Hadi benim bahanem vardı onun zoru neydi canıyla? Başkasına kayacak bir nefsi vardı madem niye etti bunu kendine?
"En çok bunu sordum kendime. Bir de şimdiki hissettiklerimi istemsiz sorguluyorum bazen. Bu yaşadığım gerçek olansa o neydi? Mükemmel bir adam değilim Züleyha. O kırdı döktü de ben susmadım ya. Sesine tahammül edemediğimde çıkıp gittim evden. Restoranda sabahladığım gece sayısını bilmiyorum mesela. Oturup derdimi anlatmışlığım da hiç yok. Birkaç kez sorununu soracak olduğumda aldığım karşılıktan dolayı bende bıraktım peşini. Ne halin varsa gör dedim. Aradığım şey hiçbir zaman büyük bir aşk, sevgi olmadı zaten. Bir aile oluruz, çocuğumuz olur. Sessiz, huzurlu bir hayat yaşarız diye umuyordum. Ama öyle olmuyor ki. Planladığın gibi ilerlemiyor hiçbir şey. Ben nasıl benim istediklerim gibi bir hayat istediysem oda kendi hayalini gerçekleştirmek istedi. "
Yine duraksadı. Aklına takılan mı vardı yoksa bana ne kadarını dese yanlış etmez onu mu tartıyodu hiç anlamadım. Mermer gibiydi suratı. Üzüntü mü öfke mi yoksa saklı gizli bi özlem mi var izin vermiyodu anlayım. Yine başını iki yana sallayıp, onun konuşmasını merakla bekleyen suratıma baktı.
"Tek aklımı karıştıran nişanlılık döneminde deli gibi peşimde koşan kıza ne olduğu? Sürekli arayıp, sorardı mesela. Evlendik ve bitti. Kavgalar arttı. Sonra bir anda bebek diye çıktı geldi. O ara benim rahatsızlandığım dönemlerin başıydı. Başka kadınlara gitmekle suçladı. Onun durumunda kim olsa böyle düşünürdü kızmıyorum. Ama çare de bulamıyordum ki."

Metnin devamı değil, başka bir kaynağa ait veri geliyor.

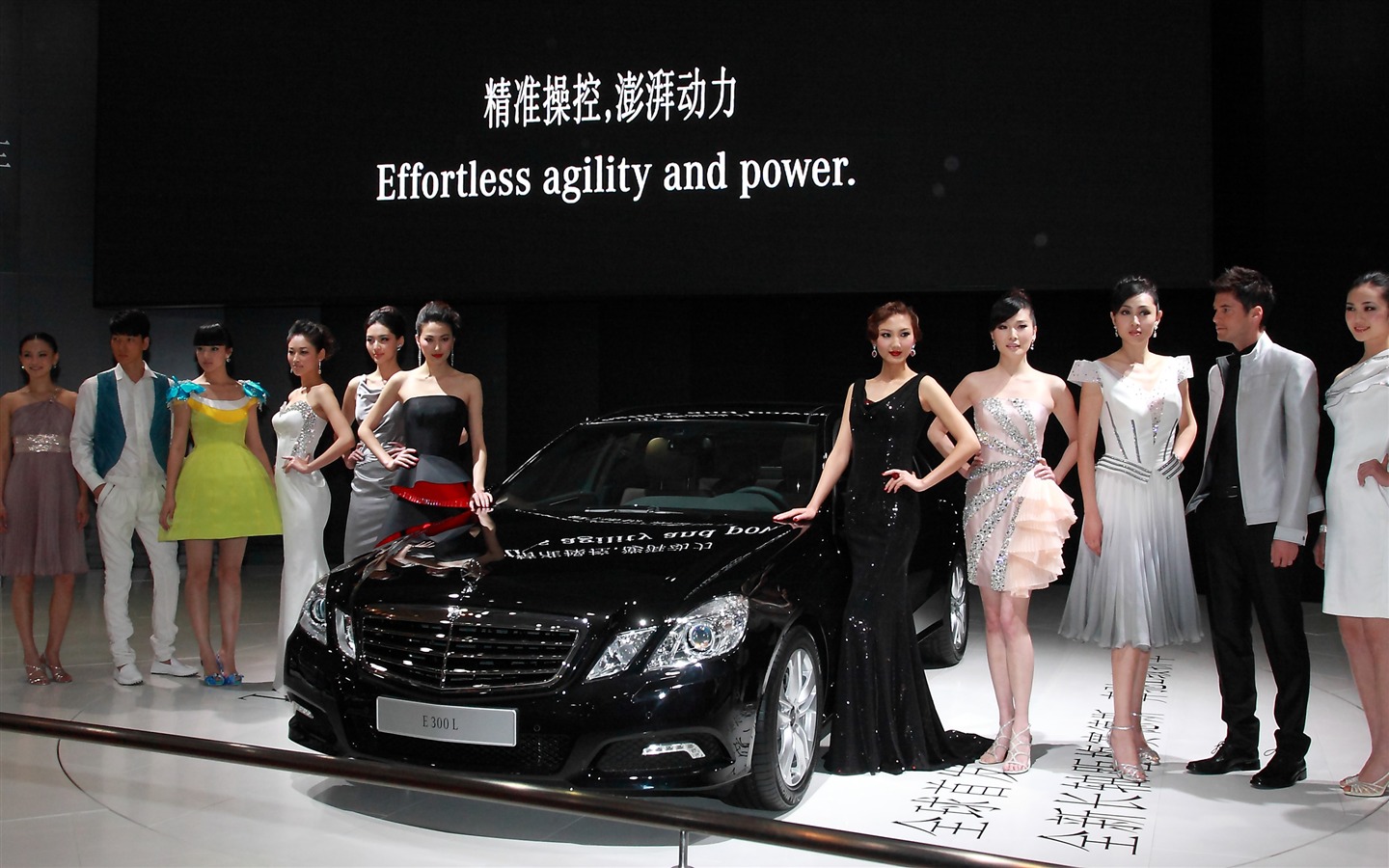 2010 Peking Mezinárodní Auto Show (bude kolo v odvětví cukru práce) #15 - 1440x900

"Şey mi? Yani şimdi hiç ben, yani bi sıkıntın olduğunu bilmedim ya. Of yani o da bilmemiştir belki."
Kaşını çatıp, ayıp etmişim gibi baktı yüzüme.
"Züleyha bu konuşmayı yapmak zorunda mıyız? Karımla konuşmak istediğim mevzular değil çünkü."
"Merak ediyom, aklıma takılıyo hep."
"Züleyha ben sana bakarak bile sertleşiyorum anlamamış olman çok normal değil mi? O zaman kendimi tatmin etmek istediğimde sertleşme problemim olmuyordu ama Esma yakınlaşmak istediğinde asla bu gerçekleşmiyordu. Bak bu bir erkek için kolay başa çıkılabilir bir durum değil. Tedavi olmak istedim ama sonuç alamadım. Sonra bir anda çocuk diye tutturdu. Yalan söyledim ona. Tedavi gördüğümü ve hastalığımın geçeceğini söyledim. Allah biliyor ama çocuk lafını duyunca kuş gibi kanatlandı içim. Beklemek istemedi. Tıbbın ilerlediğini, çocuk için iyileşmemin zaman kaybından başka bir şey olmayacağını söyledi. Bir aile olursak problemimin de kendiliğinden düzeleceğine inandırdı beni. Ben de inandım. Gerçekten bir bebeğin tüm sorunları ortadan kaldıracağına, onun tavırlarının değişip düzeleceğine. Ve benim..."
"Senin ne?"
Diyeceği sırtında yüktü Asilin. Omuzları düştü, mahcubiyet çöktü suratına. Utanmış gibi gözümdeki gözü kaçacak yer aradı.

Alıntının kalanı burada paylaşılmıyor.